Tankers safe! Protests rude! National Energy Board fair! Save Albertans' asses!

Rafe Mair 2 Feb 2015TheTyee.ca

Rafe Mair writes a column for The Tyee every second Monday. Read his previous columns here. He is also a founding contributor to The Common Sense Canadian.

It is always so comforting to know that the Vancouver Sun cares enough for us to keep us impartially informed of matters environmental. For example, they've done it for us twice on the same day.

In the Jan. 28 edition, Stephen Ewart provides, we are told, the "View from Alberta" (where else?). A columnist for Postmedia's Calgary Herald, Ewart previously was employed crafting messages for the oil and gas industry. Yet here he seeks to advise those who would stand in the way of the oil and gas industry.

Of course, this is about the protest by the good citizens of Burnaby against the expansion of the Kinder Morgan Trans Mountain pipeline. If their fight hadn't had a great deal of impact, energy colossus Kinder Morgan wouldn't be squawking so much through its spokesperson Ali Hounsell, nor would Ewart be dragged from his squirrel cage in Calgary.

But no, this protest was, according to Ewart, a terrible mistake and totally unhelpful to the pipeline opponents' cause. He goes on to whine about protesters shouting at attendees of a Kinder Morgan dinner at a restaurant. Ewart is very offended. Somehow this was an abuse of free speech.

Besides, he lectures, there are "more than enough places to oppose, officially and unofficially, pipelines." Officially? What would that be? Please don't let Ewart be implying the National Energy Board.

The supposed public review of Trans Mountain by the NEB was aptly declared "fraudulent" by former BC Hydro CEO Marc Elisen as he quit his participation in the sham. The proceedings are a waste of taxpayers' money. The fix is in. It is very little more than an industry love-in.

The NEB is worse than useless because it pretends to offer wholly independent assessment, but the very opposite is the case. Most evidence is not admitted. That which is admitted is not subject to cross-examination.

In fact, when it comes to major projects intended to further the gains of oil companies, there is no "official" venue affording an unbiased hearing, no way to be sure there will be an unbiased assessment and an unbiased recommendation by the governments of either B.C. or Canada.

Why we protest

I live on the Sea-to-Sky highway north of West Vancouver.

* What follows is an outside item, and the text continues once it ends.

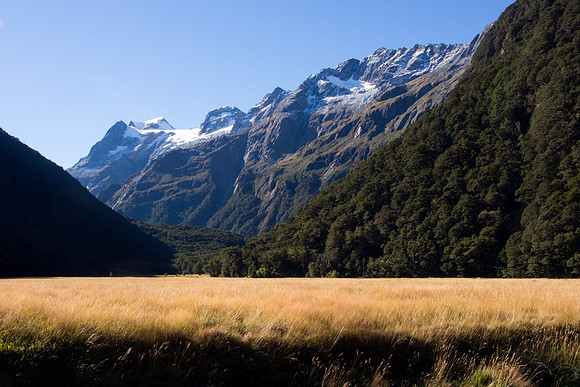 New Zealand 2013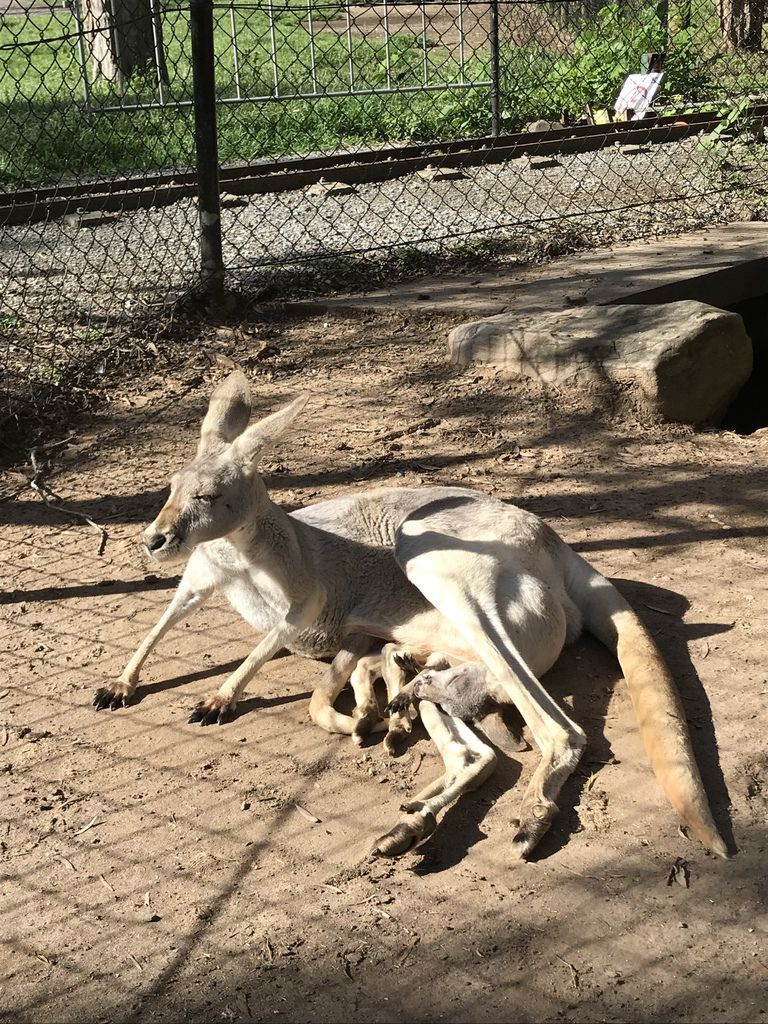 IMG_2536.JPG IMG_2536.JPG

Here the local politicians are doing everything possible to raise issues about the proposed liquefied natural gas plant and pipeline in Squamish. But they simply are not being listened to.

The Squamish council, a brave council indeed, has essentially been told by the federal government that whatever it does is farting against thunder because it has no authority.

This means that authority must rest with the provincial and federal governments.

Those petro-friendly governments, as I've explained many times before, are structurally immune not just to neutered opposition parties but even to critical perspectives by their own backbenchers who dare not defy the party line.

This brings me back to "the view from Alberta" courtesy of Postmedia's former oil patch flack Ewart.

Why does Ewart suppose that the people of Burnaby, and their allies from around B.C., raised so much hell?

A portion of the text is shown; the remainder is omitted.